Input material |

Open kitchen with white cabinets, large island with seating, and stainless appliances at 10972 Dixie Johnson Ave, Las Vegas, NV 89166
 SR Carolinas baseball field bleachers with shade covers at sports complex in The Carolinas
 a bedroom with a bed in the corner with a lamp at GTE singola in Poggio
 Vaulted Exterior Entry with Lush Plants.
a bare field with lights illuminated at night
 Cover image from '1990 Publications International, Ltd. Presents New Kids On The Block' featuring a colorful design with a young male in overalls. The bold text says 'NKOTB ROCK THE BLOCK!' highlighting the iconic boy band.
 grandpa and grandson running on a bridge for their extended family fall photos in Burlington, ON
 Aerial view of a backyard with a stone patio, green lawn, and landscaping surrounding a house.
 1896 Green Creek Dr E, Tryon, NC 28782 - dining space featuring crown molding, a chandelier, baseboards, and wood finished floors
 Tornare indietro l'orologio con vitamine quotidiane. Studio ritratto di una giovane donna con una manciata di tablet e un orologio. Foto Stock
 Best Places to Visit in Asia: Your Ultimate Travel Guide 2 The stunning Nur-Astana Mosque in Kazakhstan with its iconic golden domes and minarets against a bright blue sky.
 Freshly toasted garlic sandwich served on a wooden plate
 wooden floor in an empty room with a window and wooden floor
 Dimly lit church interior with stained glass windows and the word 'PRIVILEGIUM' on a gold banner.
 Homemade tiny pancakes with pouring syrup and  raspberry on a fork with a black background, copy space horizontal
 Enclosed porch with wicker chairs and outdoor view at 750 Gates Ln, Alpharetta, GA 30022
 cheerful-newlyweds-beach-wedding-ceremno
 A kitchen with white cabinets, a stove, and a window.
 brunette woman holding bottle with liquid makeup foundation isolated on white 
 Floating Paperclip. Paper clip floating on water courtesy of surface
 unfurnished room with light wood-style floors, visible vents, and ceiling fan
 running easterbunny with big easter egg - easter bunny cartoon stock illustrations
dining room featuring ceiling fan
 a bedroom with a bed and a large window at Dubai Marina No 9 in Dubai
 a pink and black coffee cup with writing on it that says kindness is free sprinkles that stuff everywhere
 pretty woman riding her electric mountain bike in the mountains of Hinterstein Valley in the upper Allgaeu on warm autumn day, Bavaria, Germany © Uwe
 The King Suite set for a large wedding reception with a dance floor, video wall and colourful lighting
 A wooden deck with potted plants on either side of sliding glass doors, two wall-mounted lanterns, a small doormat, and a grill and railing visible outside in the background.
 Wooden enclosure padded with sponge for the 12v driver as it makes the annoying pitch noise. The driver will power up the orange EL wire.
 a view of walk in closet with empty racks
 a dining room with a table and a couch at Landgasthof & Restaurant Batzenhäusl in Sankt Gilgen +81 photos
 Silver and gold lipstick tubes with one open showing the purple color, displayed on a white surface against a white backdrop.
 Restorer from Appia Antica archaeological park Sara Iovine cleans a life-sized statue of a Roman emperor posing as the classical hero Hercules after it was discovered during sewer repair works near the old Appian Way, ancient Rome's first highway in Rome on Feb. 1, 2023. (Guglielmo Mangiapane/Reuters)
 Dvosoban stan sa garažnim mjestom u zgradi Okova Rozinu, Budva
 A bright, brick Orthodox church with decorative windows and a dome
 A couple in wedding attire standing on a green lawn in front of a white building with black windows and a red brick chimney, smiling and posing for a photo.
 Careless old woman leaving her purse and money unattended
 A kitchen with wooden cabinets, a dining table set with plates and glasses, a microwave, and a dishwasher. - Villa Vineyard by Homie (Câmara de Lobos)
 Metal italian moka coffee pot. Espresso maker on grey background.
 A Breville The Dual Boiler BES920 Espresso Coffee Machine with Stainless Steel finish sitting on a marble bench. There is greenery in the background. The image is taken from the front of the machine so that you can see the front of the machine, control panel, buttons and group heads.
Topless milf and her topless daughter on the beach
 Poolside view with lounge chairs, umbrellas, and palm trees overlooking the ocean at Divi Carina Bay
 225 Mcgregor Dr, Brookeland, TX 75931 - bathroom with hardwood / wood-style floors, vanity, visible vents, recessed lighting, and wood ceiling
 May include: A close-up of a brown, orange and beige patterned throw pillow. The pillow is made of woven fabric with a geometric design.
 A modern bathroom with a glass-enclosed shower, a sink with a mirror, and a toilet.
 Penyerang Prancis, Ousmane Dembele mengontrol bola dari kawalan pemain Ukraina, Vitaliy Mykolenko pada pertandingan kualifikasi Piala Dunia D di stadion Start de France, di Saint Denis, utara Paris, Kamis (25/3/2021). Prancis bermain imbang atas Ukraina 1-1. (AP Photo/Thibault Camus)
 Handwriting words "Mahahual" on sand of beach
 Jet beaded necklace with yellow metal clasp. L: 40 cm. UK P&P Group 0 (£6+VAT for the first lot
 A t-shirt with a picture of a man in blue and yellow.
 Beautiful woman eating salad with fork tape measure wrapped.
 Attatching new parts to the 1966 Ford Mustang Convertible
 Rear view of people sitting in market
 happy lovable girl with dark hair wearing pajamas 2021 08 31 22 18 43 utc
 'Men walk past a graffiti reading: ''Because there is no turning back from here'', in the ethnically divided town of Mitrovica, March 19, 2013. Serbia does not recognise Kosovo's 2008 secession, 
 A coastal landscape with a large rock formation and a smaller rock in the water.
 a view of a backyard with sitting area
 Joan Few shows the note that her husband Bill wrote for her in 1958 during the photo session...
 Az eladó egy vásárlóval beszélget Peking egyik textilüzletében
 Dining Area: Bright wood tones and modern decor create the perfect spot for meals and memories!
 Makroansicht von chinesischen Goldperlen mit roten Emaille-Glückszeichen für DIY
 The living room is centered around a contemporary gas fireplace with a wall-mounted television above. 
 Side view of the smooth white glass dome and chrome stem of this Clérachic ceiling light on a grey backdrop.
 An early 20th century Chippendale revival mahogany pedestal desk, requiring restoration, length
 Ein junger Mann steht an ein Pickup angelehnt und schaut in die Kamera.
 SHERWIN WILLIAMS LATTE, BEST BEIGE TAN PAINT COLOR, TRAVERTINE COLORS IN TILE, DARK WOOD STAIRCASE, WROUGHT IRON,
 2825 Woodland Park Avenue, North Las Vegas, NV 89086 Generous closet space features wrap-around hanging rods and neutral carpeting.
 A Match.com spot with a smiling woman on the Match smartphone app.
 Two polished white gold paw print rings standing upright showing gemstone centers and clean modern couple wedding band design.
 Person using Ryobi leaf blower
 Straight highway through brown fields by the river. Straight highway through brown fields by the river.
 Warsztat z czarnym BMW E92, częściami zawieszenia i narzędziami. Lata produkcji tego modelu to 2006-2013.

Your instructions | Using the entries above, give back exactly the line containing "A kitchen with wooden", the line containing "Metal italian moka", and every line between them, and nothing else.

Task solution |
 A kitchen with wooden cabinets, a dining table set with plates and glasses, a microwave, and a dishwasher. - Villa Vineyard by Homie (Câmara de Lobos)
 Metal italian moka coffee pot. Espresso maker on grey background.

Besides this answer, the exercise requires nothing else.